TRY IT: Return all the data below as it stands, minus the pictures.

Segment Open

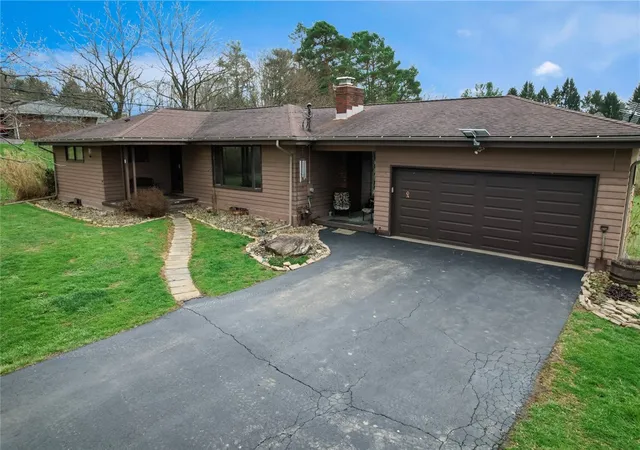 Homes for sale in Center Twp, PA | 128 Shanahan Rd, Center Twp, PA 16001 | MLS# 1745997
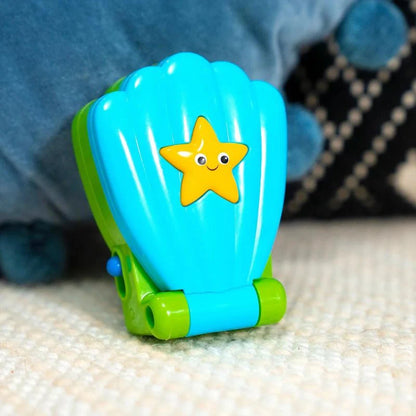 Téléphone jouet musical Shell teléfono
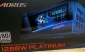AORUS AP1200PM 80 PLUS Platinum Digital Power Supply Preview AORUS AP1200PM 80 PLUS Platinum Digital Power Supply Preview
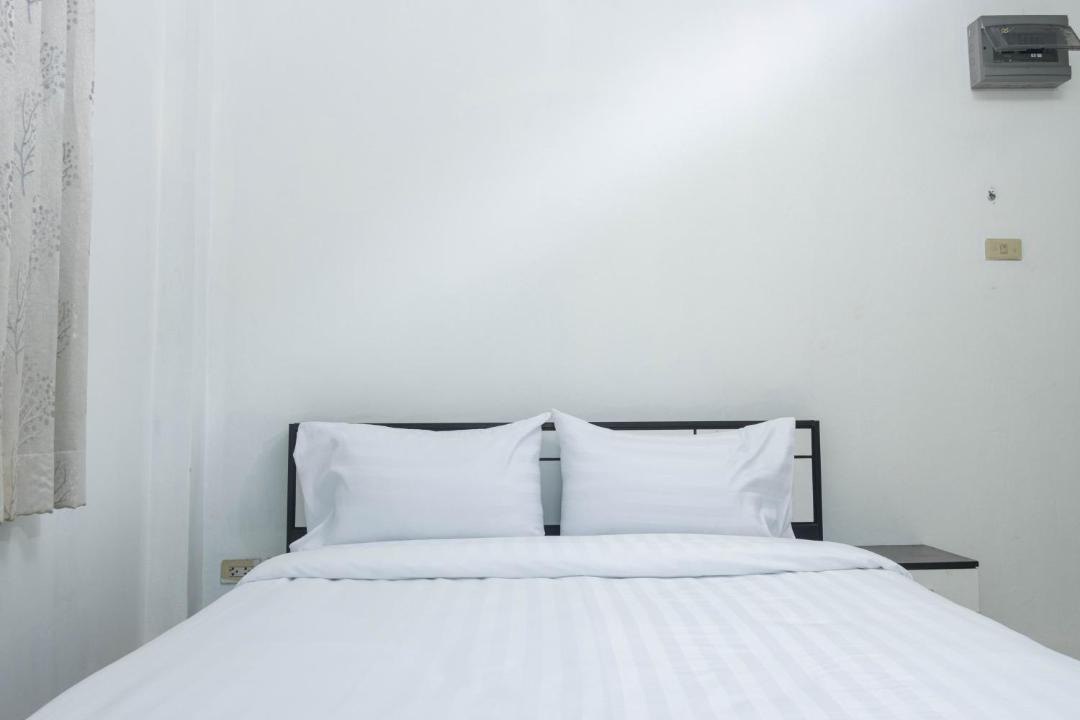 Photo of Bedroom in Chiang Mai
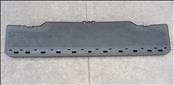 2022 2023 Rivian Amazon Electric Delivery Van Rear PDS Bumper Cover RPV700 Rubber Step Part # PT0047618; PT00041884; PT00047618
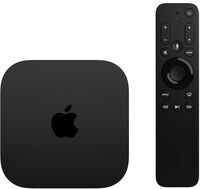 Apple TV 4K Gen 3 (2022)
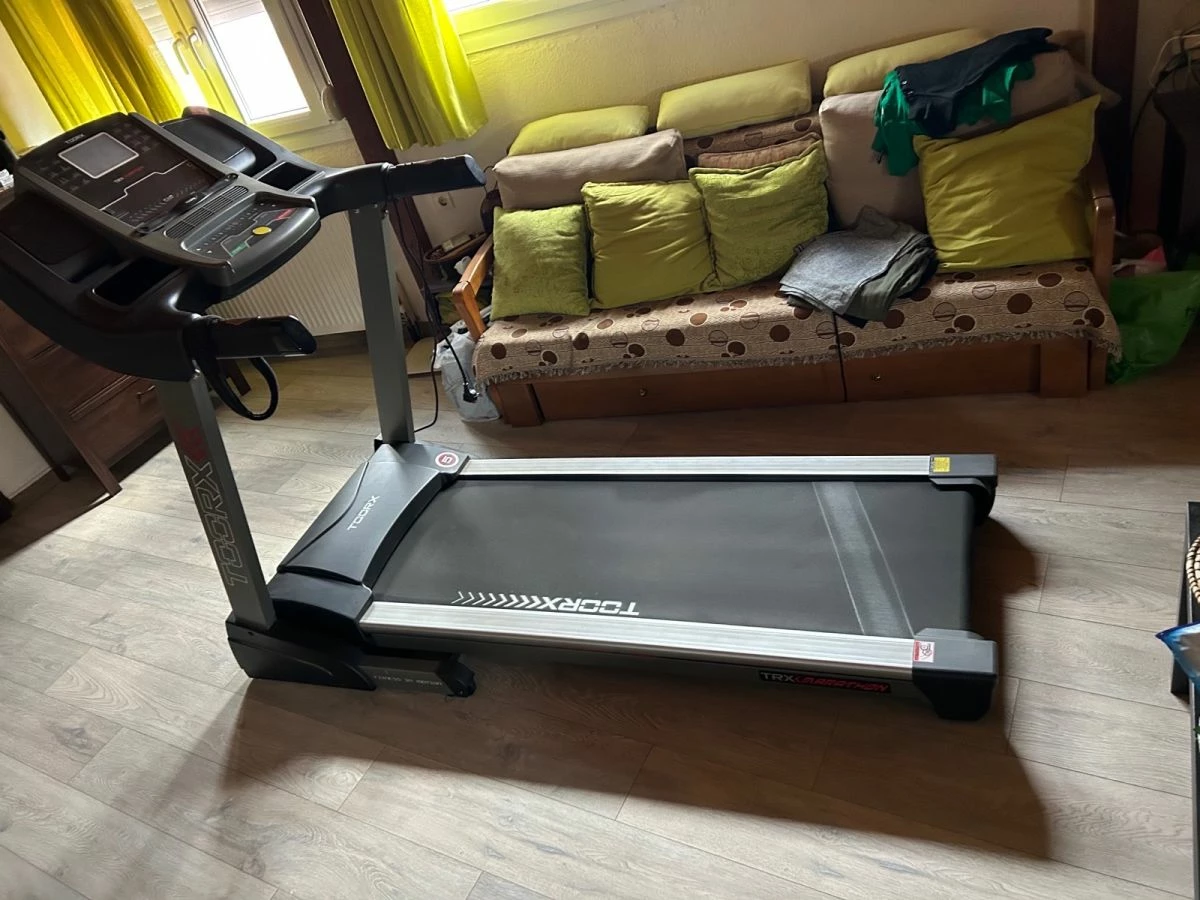 Vendora ΕΠΑΓΓΕΛΜΑΤΙΚΟΣ ΔΙΑΔΡΟΜΟΣ TOORX MARATHON - Image 3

Segment Closed

REPLY TO THE EXERCISE:
 Homes for sale in Center Twp, PA | 128 Shanahan Rd, Center Twp, PA 16001 | MLS# 1745997
 Téléphone jouet musical Shell teléfono
AORUS AP1200PM 80 PLUS Platinum Digital Power Supply Preview AORUS AP1200PM 80 PLUS Platinum Digital Power Supply Preview
 Photo of Bedroom in Chiang Mai
 2022 2023 Rivian Amazon Electric Delivery Van Rear PDS Bumper Cover RPV700 Rubber Step Part # PT0047618; PT00041884; PT00047618
 Apple TV 4K Gen 3 (2022)
 Vendora ΕΠΑΓΓΕΛΜΑΤΙΚΟΣ ΔΙΑΔΡΟΜΟΣ TOORX MARATHON - Image 3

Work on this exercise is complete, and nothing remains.